─── Record excerpts

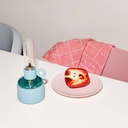 Flamtastique XS - Lampe à huile FATBOY couleur "desert"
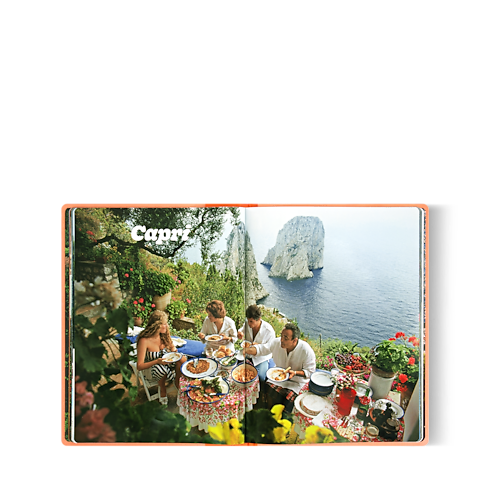 Fashion Eye Italian Rivieras Baúles, Viaje y Hogar Libros Fashion Eye | LOUIS VUITTON (Zoom de producto)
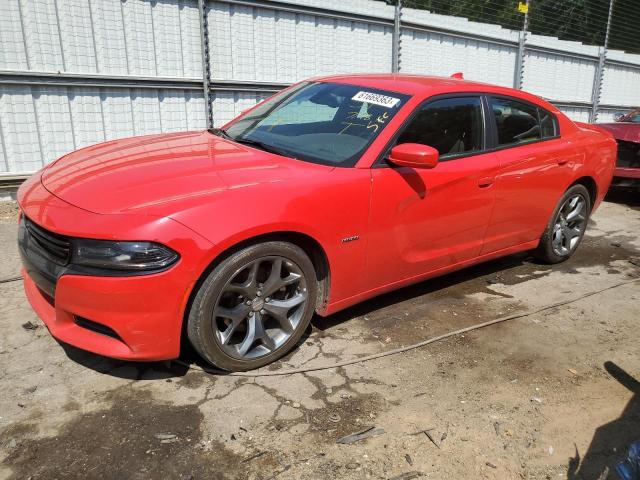 2C3CDXCT7GH341065 | 2016 DODGE CHARGER R/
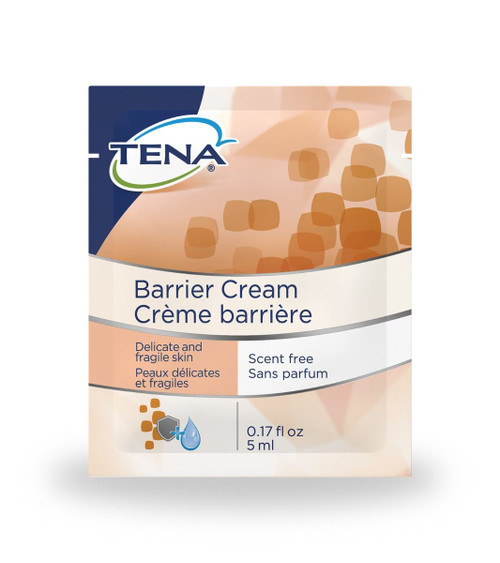 TENA® Barrier Cream 5 mL Foil Packet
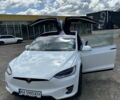Белый Тесла Модель Х, объемом двигателя 0 л и пробегом 39 тыс. км за 37500 $, фото 5 на Automoto.ua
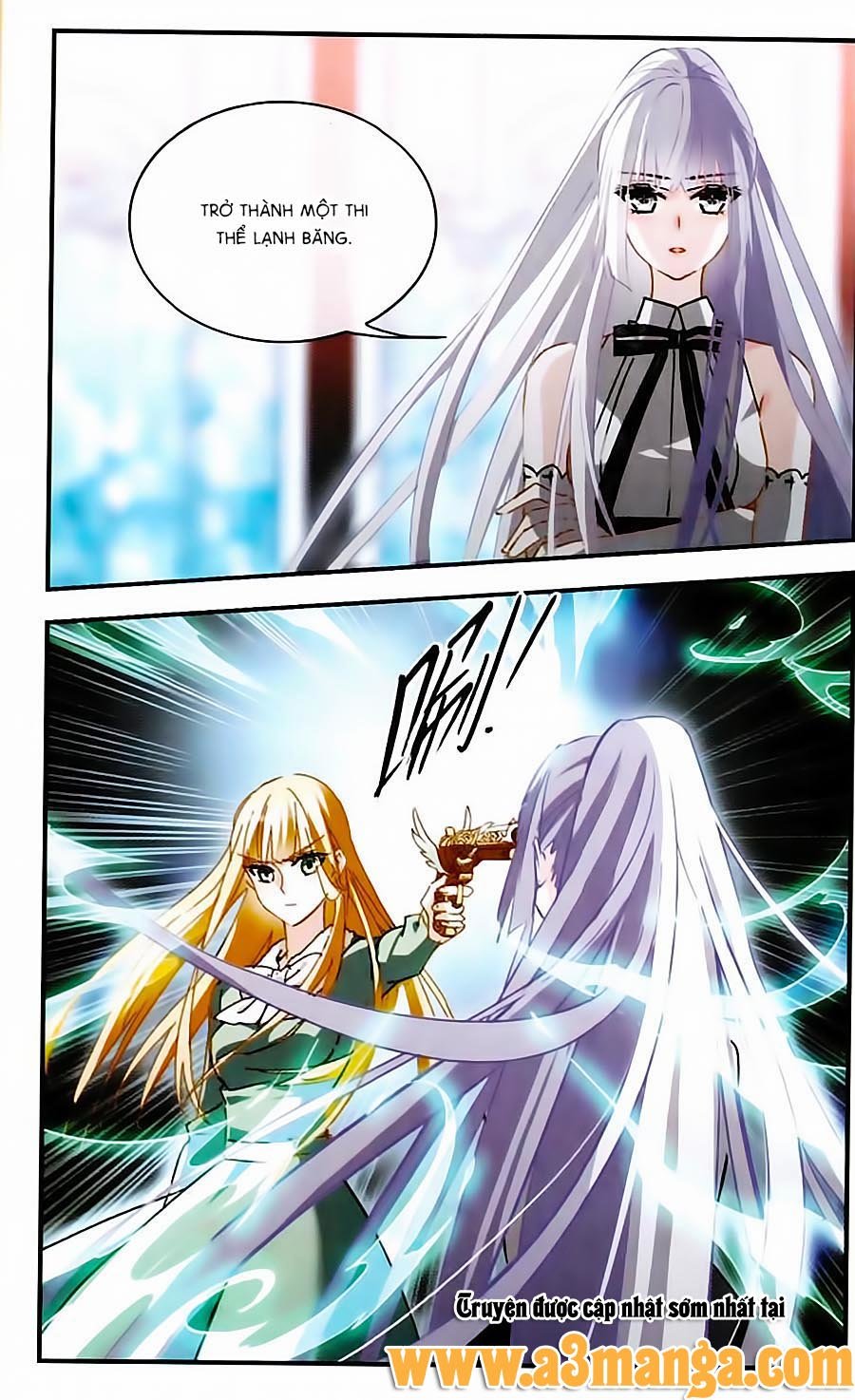 Câu Lạc Bộ Ngôi Sao - Chương 130 - Trang 9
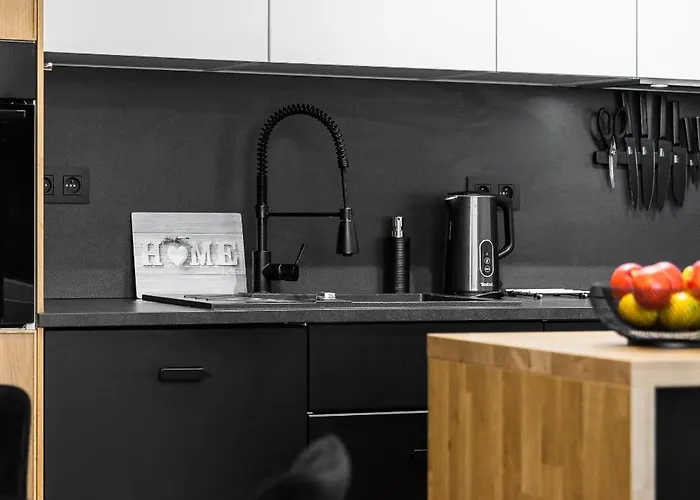 Apartment Harmony With Free Parking Pressburg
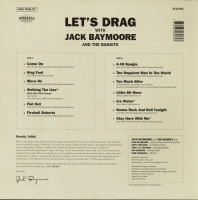 Vorschau: Let's Drag (LP) Vorschau: Let's Drag (LP)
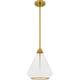 Option Brushed Gold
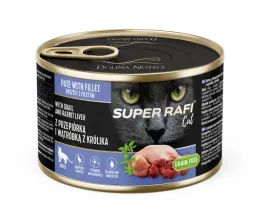 dolina-noteci-super-rafi-cat-pandf-z-przepiorka-i-watrobka-z-krolika-185g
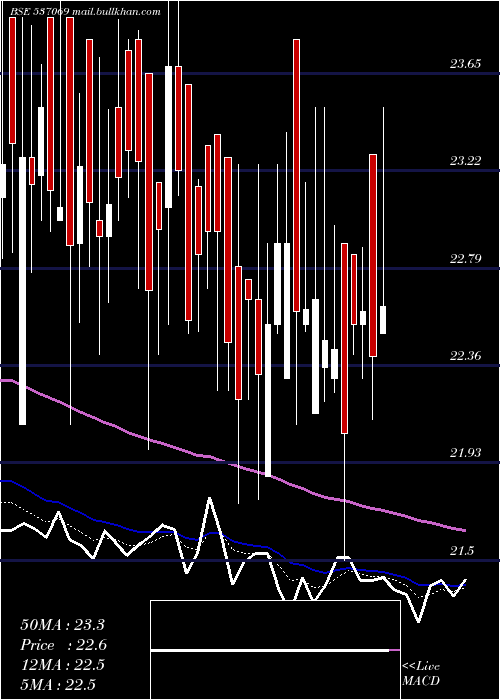  Daily chart ArnoldHold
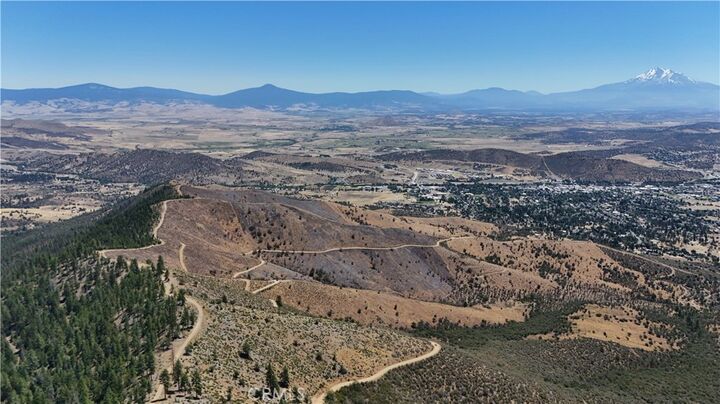 Property Photo: 626 Acres Yreka /Humbug Road CA 97097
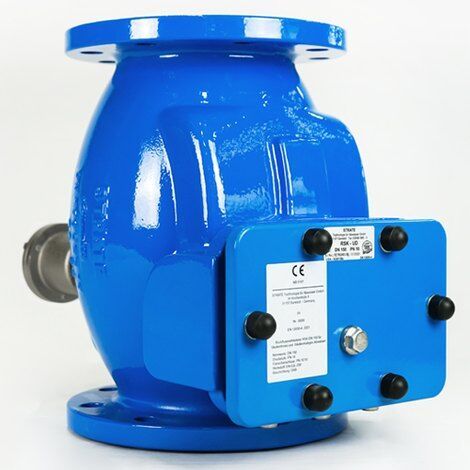 STRATE Rückschlagklappe RSK STRATE Rückschlagklappe RSK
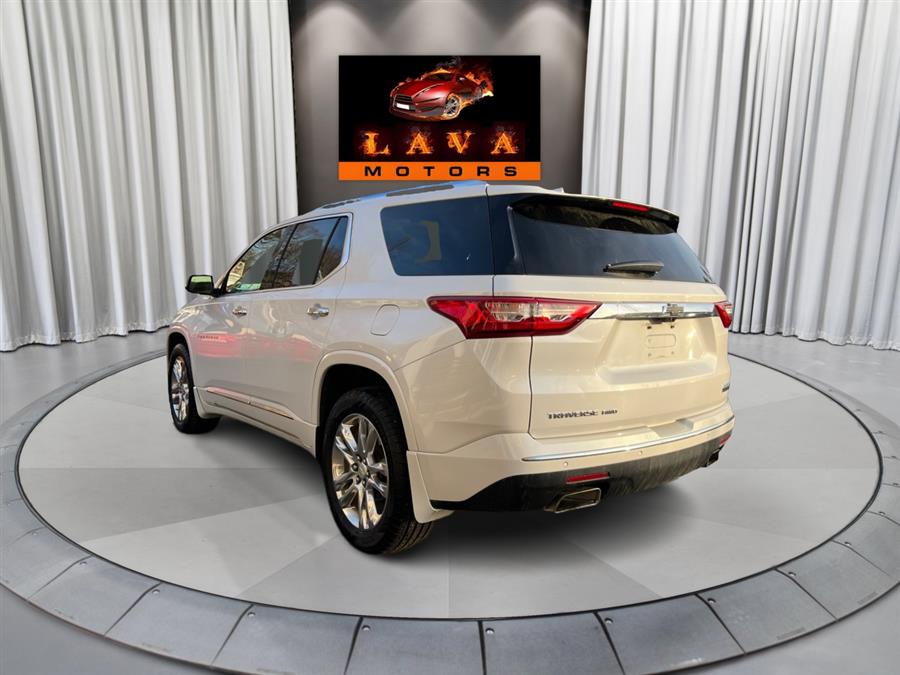 2018 Chevrolet Traverse AWD 4dr High Country w/2LZ photo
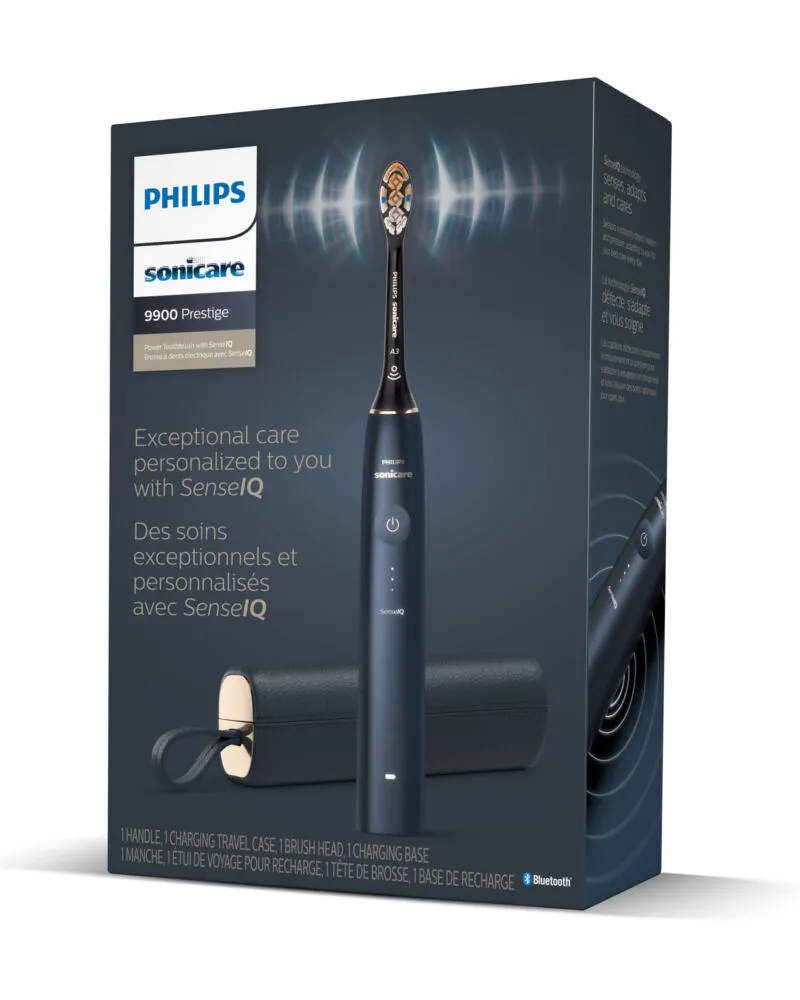 Philips HX9990/12 Elektrikli Diş Fırçaları Thumbnail 1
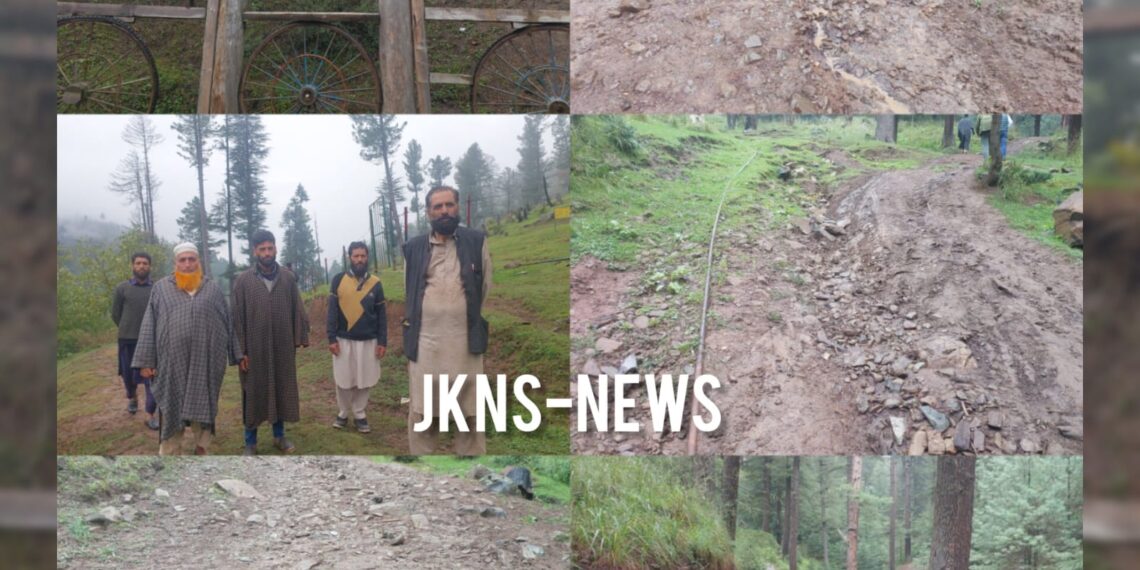 Pahiwar Road Project: 70-Year Dream Turns into Reality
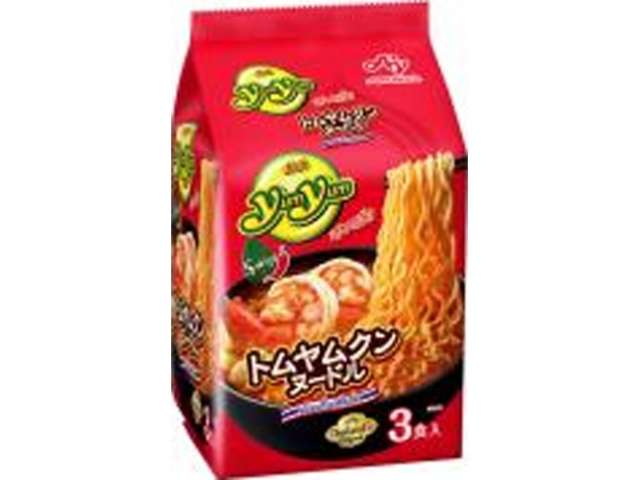 味の素 ＹｕｍトムヤムクンＮ３食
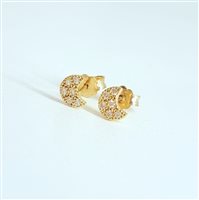 Orecchini IGold Donna in Oro giallo Zircone OR32300801600 - OR32300801600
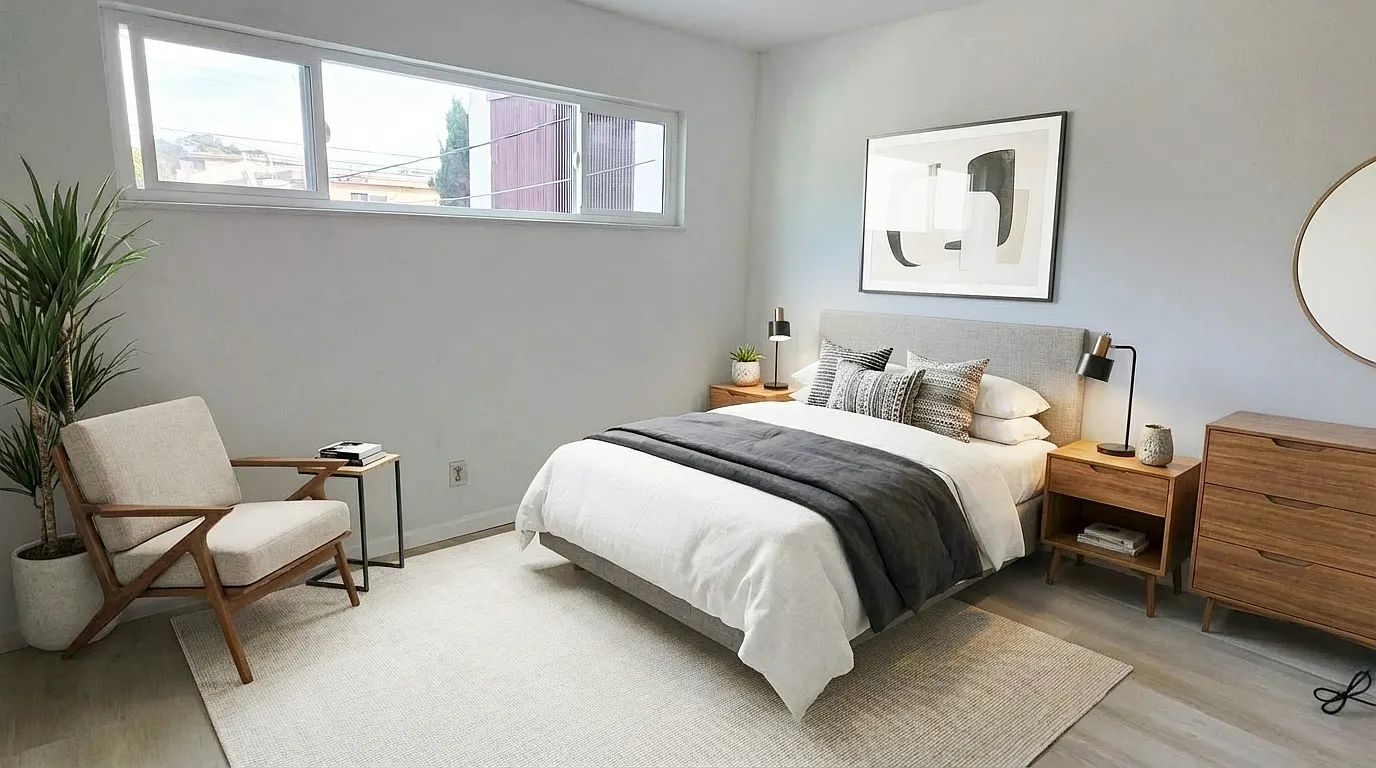 1 bed, 450 sqft, $1,500 — Photo 2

──────

▸ Your assignment
Repeat exactly the lines from the start of the entries down to the line with "TENA® Barrier Cream 5 mL Foil Packet", keeping both ends but none of the pictures.

▸ Output
 Flamtastique XS - Lampe à huile FATBOY couleur "desert"
 Fashion Eye Italian Rivieras Baúles, Viaje y Hogar Libros Fashion Eye | LOUIS VUITTON (Zoom de producto)
 2C3CDXCT7GH341065 | 2016 DODGE CHARGER R/
 TENA® Barrier Cream 5 mL Foil Packet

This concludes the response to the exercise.